• [Task to complete]: Go through the data below and transcribe it exactly. Omit the images.

(Pictures with short captions)
- - - - - - -
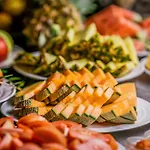 Bellevue Hotel Trogir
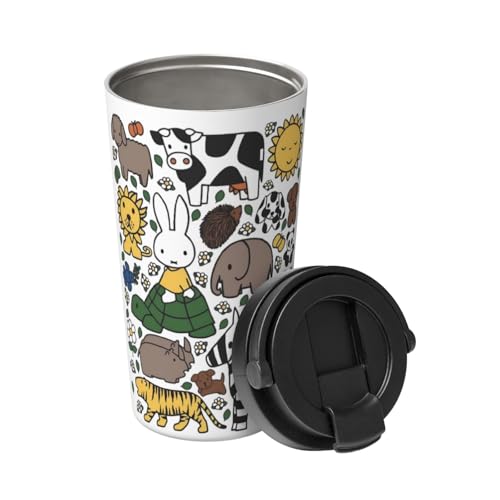 �~�b�t�B�[ ���� �T�[���X �^��f�M�P�[�^�C�}�O �R�[�q�[�J�b�v �T�[���X �{�g�� �X�|�[�c�{�g�� �ۉ� �ۗ� �X�e�����X �{�g�� ���� �V�[�����X���� ��e�� �X�e�����X�}�O �X�e�����X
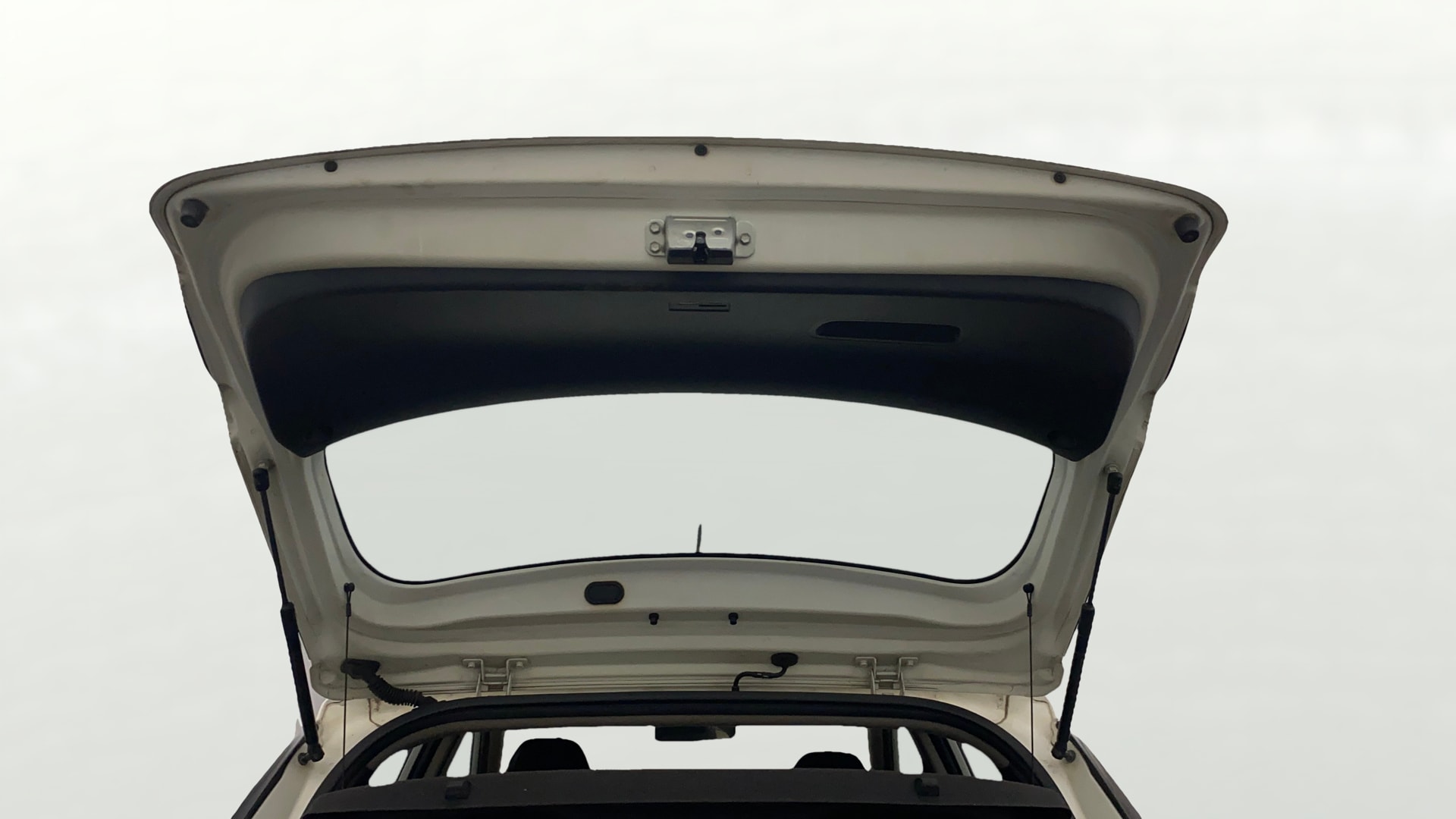 Used 2018 Hyundai Elite i20 Used 2018 Hyundai Elite i20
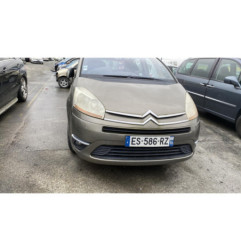 Etrier arriere droit (freinage) CITROEN C4 GRAND PICASSO 1
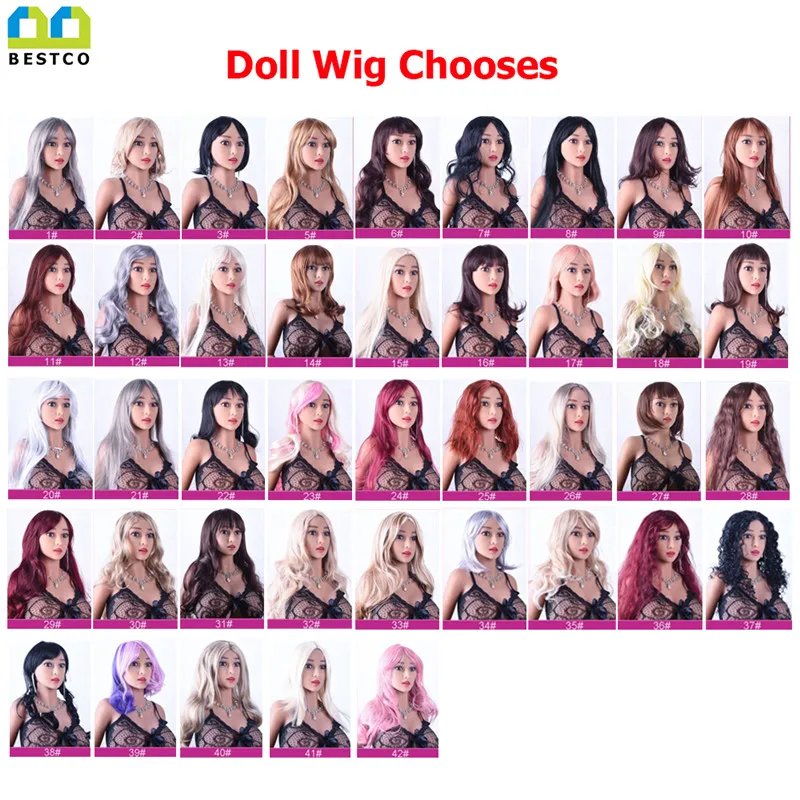 Wig Chooses.jpg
- - - - - - -
• [Response box]:
 Bellevue Hotel Trogir
 �~�b�t�B�[ ���� �T�[���X �^��f�M�P�[�^�C�}�O �R�[�q�[�J�b�v �T�[���X �{�g�� �X�|�[�c�{�g�� �ۉ� �ۗ� �X�e�����X �{�g�� ���� �V�[�����X���� ��e�� �X�e�����X�}�O �X�e�����X
 Used 2018 Hyundai Elite i20 Used 2018 Hyundai Elite i20
 Etrier arriere droit (freinage) CITROEN C4 GRAND PICASSO 1
 Wig Chooses.jpg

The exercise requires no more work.